MInference Flow (GPU-Only)

attention.py:101-105:
  if context.sparse_prefill_policy is not None:
      o = context.sparse_prefill_policy.sparse_prefill_attention(q, k, v, layer_id)

minference.py:sparse_prefill_attention():
  1. estimate_pattern(q, k, layer_id) -> vertical_indices, slash_indices
  2. _triton_mixed_sparse_attention(q, k, v, indices)
  3. return output

Quest Flow (GPU Block Mode)

hybrid_manager.py (if using CPU offload with Quest):
  select_blocks(available_blocks, ctx) -> selected block IDs
  -> load selected blocks to GPU
  -> standard FlashAttn with loaded blocks

Layerwise Offload Prefill Flow

model_runner.py:run_layerwise_offload_prefill():
  for layer_id in range(num_layers):
      # QKV projection
      q, k, v = qkv_proj(hidden_ln)

      # RoPE
      q, k = rotary_emb(positions, q, k)

      # FULL attention (no sparsity!)
      attn_output = flash_attn_varlen_func(q, k, v, ...)

      # MLP
      hidden_states = mlp(attn_out + residual)

      # Sync offload ALL k, v to CPU
      for block_id in cpu_block_ids:
          k_cache_cpu[layer_id, block_id].copy_(k[start:end])
          v_cache_cpu[layer_id, block_id].copy_(v[start:end])

Layerwise Offload Decode Flow

model_runner.py:run_layerwise_offload_decode():
  # Preload first N layers to ring buffer
  for i in range(num_buffers):
      offload_engine.load_layer_kv_to_buffer(i, i, cpu_block_table, valid_tokens)

  for layer_id in range(num_layers):
      current_buffer = layer_id % num_buffers

      # Wait for buffer load
      offload_engine.wait_buffer_load(current_buffer)

      # Get prefilled KV from ring buffer (ALL blocks loaded)
      k_prefill, v_prefill = offload_engine.get_buffer_kv(current_buffer, total_prefill_tokens)

      # QKV for new token
      q, k_new, v_new = qkv_proj(hidden_ln)

      # Concat and full attention
      k_full = torch.cat([k_prefill, k_decode_prev, k_new])
      attn_output = flash_attn_varlen_func(q, k_full, v_full, ...)

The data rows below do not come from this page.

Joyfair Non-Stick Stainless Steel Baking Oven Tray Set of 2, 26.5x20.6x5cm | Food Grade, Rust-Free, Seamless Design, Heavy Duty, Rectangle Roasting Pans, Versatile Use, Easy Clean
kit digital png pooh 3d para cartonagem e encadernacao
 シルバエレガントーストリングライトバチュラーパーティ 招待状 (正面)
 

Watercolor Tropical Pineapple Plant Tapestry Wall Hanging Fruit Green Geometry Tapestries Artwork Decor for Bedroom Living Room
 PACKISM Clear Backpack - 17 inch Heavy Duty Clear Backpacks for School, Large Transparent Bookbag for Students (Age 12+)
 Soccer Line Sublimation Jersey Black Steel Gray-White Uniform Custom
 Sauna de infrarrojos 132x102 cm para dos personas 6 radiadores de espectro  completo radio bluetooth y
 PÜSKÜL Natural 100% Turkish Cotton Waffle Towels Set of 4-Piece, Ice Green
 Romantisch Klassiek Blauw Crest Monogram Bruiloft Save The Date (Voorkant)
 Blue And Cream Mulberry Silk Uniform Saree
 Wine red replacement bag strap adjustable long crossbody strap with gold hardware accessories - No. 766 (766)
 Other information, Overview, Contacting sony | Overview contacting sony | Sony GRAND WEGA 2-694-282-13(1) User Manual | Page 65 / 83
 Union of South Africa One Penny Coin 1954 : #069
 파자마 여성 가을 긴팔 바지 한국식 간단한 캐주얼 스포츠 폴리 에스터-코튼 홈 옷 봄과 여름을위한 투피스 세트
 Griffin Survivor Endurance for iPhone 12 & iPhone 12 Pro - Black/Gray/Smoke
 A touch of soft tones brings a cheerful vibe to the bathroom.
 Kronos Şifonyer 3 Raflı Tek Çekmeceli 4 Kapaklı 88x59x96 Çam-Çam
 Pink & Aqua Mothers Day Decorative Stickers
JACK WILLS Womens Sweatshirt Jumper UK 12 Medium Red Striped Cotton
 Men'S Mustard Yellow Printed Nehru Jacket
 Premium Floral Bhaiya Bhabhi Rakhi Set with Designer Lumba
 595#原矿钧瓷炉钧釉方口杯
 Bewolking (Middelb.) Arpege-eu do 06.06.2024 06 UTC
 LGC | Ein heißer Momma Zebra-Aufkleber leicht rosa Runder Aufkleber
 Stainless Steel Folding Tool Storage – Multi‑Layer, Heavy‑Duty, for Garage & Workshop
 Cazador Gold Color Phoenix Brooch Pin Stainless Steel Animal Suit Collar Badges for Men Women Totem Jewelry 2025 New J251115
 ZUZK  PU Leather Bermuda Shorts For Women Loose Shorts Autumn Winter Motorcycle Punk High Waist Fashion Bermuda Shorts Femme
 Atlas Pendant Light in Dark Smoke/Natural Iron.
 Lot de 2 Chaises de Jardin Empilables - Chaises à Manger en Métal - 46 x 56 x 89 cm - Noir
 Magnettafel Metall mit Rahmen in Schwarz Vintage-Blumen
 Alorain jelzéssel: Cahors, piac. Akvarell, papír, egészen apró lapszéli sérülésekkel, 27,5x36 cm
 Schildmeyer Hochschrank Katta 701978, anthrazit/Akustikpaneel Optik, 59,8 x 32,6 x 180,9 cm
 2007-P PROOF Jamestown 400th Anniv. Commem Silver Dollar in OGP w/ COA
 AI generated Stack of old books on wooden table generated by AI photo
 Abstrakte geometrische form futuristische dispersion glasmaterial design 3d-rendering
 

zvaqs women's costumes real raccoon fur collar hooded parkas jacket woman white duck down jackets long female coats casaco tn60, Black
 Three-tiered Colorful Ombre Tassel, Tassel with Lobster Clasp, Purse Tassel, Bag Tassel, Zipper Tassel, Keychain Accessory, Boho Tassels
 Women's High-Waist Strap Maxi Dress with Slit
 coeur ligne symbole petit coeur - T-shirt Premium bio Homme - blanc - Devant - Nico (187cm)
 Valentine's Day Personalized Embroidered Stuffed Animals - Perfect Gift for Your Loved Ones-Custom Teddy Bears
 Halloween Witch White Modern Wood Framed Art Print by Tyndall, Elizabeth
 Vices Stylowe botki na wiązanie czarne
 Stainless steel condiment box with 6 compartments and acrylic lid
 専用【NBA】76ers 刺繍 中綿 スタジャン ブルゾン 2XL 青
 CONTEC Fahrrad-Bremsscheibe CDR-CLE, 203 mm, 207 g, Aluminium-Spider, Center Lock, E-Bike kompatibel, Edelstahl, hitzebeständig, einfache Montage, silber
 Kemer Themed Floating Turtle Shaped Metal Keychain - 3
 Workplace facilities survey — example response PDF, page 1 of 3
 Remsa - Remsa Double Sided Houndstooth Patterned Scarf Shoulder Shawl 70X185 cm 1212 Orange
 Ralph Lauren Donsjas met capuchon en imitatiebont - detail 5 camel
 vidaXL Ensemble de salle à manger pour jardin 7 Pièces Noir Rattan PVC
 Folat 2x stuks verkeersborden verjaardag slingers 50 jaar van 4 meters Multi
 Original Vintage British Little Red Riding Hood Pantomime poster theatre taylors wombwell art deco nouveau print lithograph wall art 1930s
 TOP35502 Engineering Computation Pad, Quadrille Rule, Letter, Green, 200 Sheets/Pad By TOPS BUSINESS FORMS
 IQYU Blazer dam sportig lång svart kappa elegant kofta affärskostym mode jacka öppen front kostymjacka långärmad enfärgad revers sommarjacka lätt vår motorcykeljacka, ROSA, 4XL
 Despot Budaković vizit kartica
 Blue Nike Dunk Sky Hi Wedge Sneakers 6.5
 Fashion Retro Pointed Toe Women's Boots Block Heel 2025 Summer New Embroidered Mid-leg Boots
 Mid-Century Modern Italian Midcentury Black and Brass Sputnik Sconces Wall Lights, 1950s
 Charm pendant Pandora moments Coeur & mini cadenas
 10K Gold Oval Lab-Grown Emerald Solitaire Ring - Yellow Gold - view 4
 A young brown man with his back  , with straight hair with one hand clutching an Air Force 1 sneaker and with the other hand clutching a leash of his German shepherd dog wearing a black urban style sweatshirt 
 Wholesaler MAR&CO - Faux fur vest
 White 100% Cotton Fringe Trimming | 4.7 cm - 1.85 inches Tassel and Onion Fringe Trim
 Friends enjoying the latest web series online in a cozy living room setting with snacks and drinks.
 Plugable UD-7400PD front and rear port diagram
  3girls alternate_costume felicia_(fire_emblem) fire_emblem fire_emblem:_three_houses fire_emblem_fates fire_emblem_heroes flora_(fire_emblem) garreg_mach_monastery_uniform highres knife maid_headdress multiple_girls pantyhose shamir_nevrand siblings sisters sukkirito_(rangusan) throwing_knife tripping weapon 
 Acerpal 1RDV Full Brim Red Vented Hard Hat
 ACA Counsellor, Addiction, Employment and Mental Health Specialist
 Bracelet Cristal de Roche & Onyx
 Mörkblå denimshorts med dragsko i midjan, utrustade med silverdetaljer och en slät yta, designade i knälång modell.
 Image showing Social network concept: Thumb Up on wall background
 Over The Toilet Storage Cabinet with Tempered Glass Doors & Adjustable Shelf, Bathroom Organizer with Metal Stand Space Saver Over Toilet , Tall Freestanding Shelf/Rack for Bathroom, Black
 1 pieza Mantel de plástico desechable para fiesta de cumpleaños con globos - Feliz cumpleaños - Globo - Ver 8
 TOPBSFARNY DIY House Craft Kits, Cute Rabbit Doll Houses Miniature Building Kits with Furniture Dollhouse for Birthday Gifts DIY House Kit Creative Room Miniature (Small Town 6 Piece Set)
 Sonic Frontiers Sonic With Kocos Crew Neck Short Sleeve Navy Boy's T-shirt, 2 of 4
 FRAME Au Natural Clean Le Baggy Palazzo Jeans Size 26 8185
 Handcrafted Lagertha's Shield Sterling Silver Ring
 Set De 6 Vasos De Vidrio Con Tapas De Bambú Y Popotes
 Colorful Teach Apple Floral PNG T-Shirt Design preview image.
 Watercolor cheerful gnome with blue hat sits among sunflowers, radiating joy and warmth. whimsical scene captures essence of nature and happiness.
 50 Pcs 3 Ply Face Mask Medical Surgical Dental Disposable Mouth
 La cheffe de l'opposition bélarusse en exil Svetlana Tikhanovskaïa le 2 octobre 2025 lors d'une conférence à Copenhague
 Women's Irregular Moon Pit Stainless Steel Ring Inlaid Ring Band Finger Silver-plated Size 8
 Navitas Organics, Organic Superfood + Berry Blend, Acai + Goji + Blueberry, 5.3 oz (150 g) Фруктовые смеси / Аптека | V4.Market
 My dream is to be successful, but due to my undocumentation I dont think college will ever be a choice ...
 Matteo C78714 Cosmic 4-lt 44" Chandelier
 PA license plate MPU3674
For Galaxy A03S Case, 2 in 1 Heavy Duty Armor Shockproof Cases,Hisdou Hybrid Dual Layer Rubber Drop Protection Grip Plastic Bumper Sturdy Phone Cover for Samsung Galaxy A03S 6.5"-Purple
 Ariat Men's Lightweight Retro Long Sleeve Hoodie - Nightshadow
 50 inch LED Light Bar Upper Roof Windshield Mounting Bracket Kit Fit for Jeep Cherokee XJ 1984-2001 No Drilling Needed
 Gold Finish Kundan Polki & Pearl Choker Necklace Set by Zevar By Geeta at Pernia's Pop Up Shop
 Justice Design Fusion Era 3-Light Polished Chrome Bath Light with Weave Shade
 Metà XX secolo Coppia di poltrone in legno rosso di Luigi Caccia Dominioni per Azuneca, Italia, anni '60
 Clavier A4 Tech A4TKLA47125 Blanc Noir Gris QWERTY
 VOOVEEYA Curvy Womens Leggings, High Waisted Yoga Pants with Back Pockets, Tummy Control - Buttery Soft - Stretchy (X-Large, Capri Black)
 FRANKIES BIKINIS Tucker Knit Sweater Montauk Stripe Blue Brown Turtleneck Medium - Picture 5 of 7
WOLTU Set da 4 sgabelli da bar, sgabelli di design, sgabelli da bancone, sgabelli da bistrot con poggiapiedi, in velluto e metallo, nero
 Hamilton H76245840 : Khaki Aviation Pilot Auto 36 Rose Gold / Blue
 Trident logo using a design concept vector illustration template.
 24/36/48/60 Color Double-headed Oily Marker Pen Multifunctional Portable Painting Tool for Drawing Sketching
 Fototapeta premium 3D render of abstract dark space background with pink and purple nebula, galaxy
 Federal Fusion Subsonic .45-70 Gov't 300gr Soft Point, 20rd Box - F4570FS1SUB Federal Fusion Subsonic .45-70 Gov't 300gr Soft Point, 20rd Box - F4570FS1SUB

      # Start loading next layer
      offload_engine.load_layer_kv_to_buffer(current_buffer, layer_id + num_buffers, ...)

Integration Points

1. Prefill Sparse Integration Point

Location: model_runner.py:535-543

Current:

attn_output = flash_attn_varlen_func(
    q, k, v,
    cu_seqlens_q=cu_seqlens,
    cu_seqlens_k=cu_seqlens,
    max_seqlen_q=total_tokens,
    max_seqlen_k=total_tokens,
    softmax_scale=layer.self_attn.attn.scale,
    causal=True,
)

After Integration:

if self.sparse_policy and self.sparse_policy.supports_offload_prefill:
    attn_output, k_sparse, v_sparse = self.sparse_policy.offload_prefill_attention(
        q, k, v, layer_id
    )
    k_to_offload = k_sparse if k_sparse is not None else k
    v_to_offload = v_sparse if v_sparse is not None else v
else:
    attn_output = flash_attn_varlen_func(q, k, v, ...)
    k_to_offload, v_to_offload = k, v

2. Decode Sparse Integration Point

Location: model_runner.py:636-637 and model_runner.py:704-706

Current (preload):

for i in range(num_preload):
    offload_engine.load_layer_kv_to_buffer(
        i, i, cpu_block_table, valid_tokens_per_block
    )

After Integration:

for i in range(num_preload):
    layer_to_load = i
    if self.sparse_policy and self.sparse_policy.supports_offload_decode:
        # Prepare q for this layer (need to compute ahead)
        # OR: use previous layer's pattern as estimate
        selected_blocks = self.sparse_policy.select_offload_blocks(
            None,  # q not available yet at preload
            layer_to_load,
            cpu_block_table,
            valid_tokens_per_block
        )
    else:
        selected_blocks = cpu_block_table
    offload_engine.load_sparse_layer_kv_to_buffer(
        i, layer_to_load, selected_blocks, valid_tokens_per_block
    )

Challenge: Q is not available during preload phase!

Solutions:

  1. Skip sparse preload, only sparse for non-preloaded layers
  2. Use previous decode step's pattern as estimate
  3. Add preload hook to sparse policy

3. Offload Engine Extension

New Method in OffloadEngine:

def load_sparse_layer_kv_to_buffer(
    self,
    buffer_idx: int,
    layer_id: int,
    selected_cpu_block_ids: List[int],
    original_valid_tokens: List[int],
) -> int:
    """
    Load only selected blocks from CPU to buffer.

    Returns:
        Total tokens loaded (may be less than full sequence)
    """
    stream = self.layer_load_streams[buffer_idx]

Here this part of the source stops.